IL-17: Republican Esther Joy King launched a new negative ad against Democrat Eric Sorensen: “My climate activist opponent wants to spend your tax dollars on a plan that will increase gas prices. We simply can’t afford his agenda.”
NC-SEN: Ted Budd launched yet another ad advocating for fossil fuel production: “I’m running to make life better for North Carolina families. More American energy, not less.”
NY-11: Republican incumbent Nicole Malliotakis is tying high gas prices to Biden and the district’s previous representative, Democrat Max Rose, who’s running to get his seat back: “I support an American solution: restoring the energy independence that Joe Biden gave away.”
OH-09: Insurrectionist JR Majewski launched a new three-minute Trumpian ad: “Democrats are pushing unsustainable environmental ‘solutions’ that waste taxpayer dollars on useless government subsidies that are killing our jobs.”
OR-GOV: Democrat Tina Kotek is promoting a spot in Teen Vogue to young adults in Oregon: “When I was Speaker of the Oregon House, I put our state on a path to 100% clean electricity and passed a first-in-the-nation law to completely transition our state off of dirty coal-fired power.”
Reaching Frontline Communities
Diné (i.e. Navajo) grassroots group Tó Nizhóní Ání, or “Sacred Water Speaks,” has launched a Meta ad campaign to raise awareness about the restorative justice that has yet to fully take place in the Black Mesa region in northeast Arizona and northwestern New Mexico. After decades of effort, Diné and Hopi activists permanently closed the region to dirty energy generation, and, as their new digital ads highlight, they are now fighting to restore the region to its natural state and make the responsible mining companies atone for their decades of damage. Tó Nizhóní Ání spent $780 on these ads last week, which primarily target older adults in the American Southwest.

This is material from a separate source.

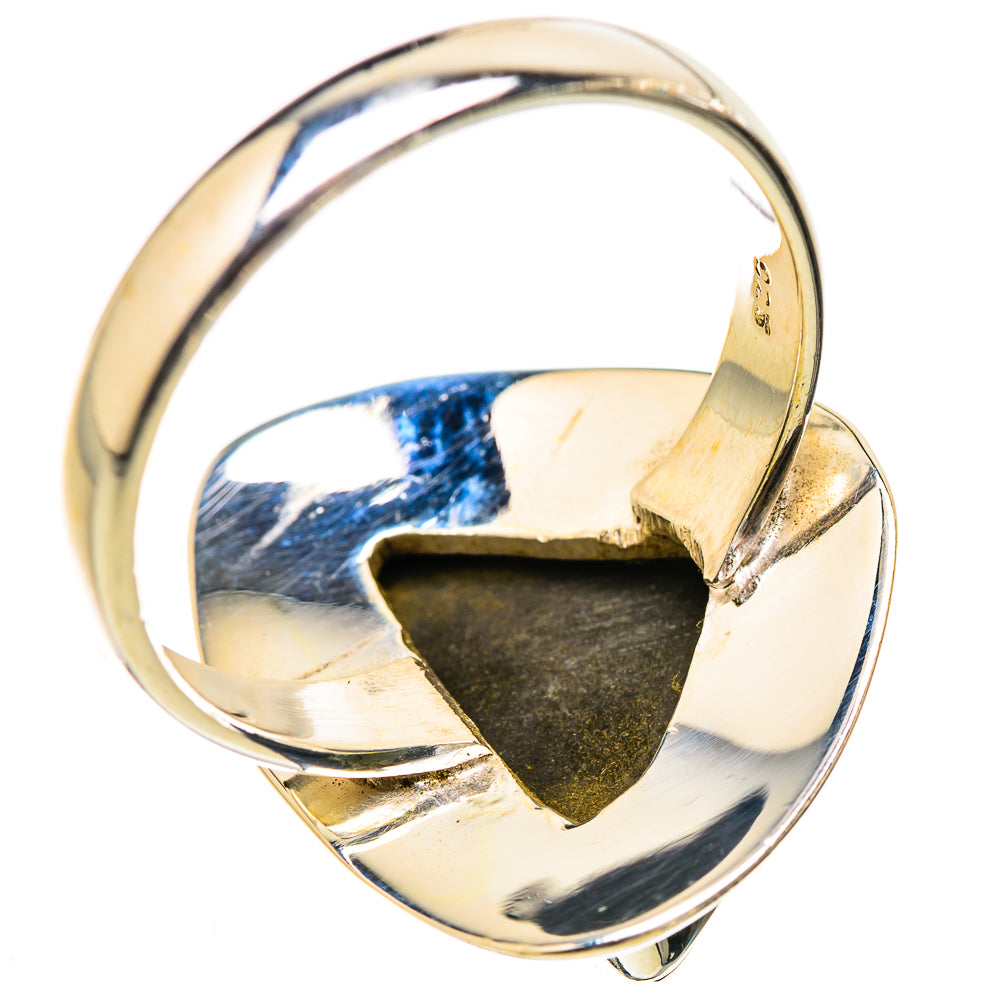 Ammolite Rings handcrafted by Anasilvercos - RING130582 - Photo 3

What’s trending organically?
Last week, the top Facebook post mentioning climate change, energy, or related terms came from The New York Times, which reported on how Californians could conserve power during last week’s brutal heat wave. We reported in last week’s Climate Monitor that online right-wing pundits took advantage of the situation to own the libs, and this post was no different. More than 80 percent of its 69k interactions were “Haha” reactions or disparaging comments like, “The difference is that in North Korea they don't turn the power off until 9 PM.”
We also found that skepticism toward electric vehicles was still pervasive on Facebook last week. Texas Agriculture Commissioner Sid Miller and GOP Rep. Lance Gooden of TX-05 pushed the nonsensical idea that “If electric vehicles were economical, they wouldn't have to be mandated,” getting 66k interactions in total. Additionally, a post from right-wing meme page F/U Deplorabes went relatively viral by pushing the persistent, misleading argument that EVs aren’t zero-emission vehicles because “only fractional amounts of energy are produced” by renewable sources.

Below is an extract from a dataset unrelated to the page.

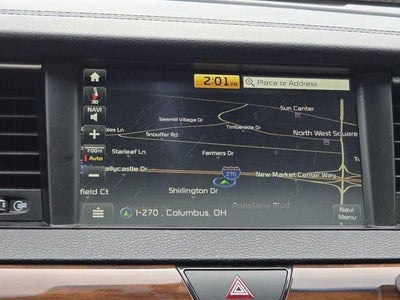 2018 Kia Cadenza Technology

Overall, here’s how the most engaged content on Facebook breaks down:
On Instagram, the top post came from Jeep, which announced an electric Recon model that will be available in 2024. Unlike on Facebook, where EVs seem to be reflexively met with intense skepticism, the reaction here seems to have been overwhelmingly positive. Other high-performing pro-climate Instagram posts last week came from Vogue Magazine, in which Jennifer Lawrence pushed for voting for climate action in this year’s midterms in a “no-hold’s-barred interview.”
On the right, dc_draino and Breitbart made relatively highly engaged posts by owning the libs and EVs. The former posited that, unlike California, “the Titanic had lights on when it sank,” while the latter reposted an ironic story from West Virginia, where coal miners helped push a dead EV to the nearest charger.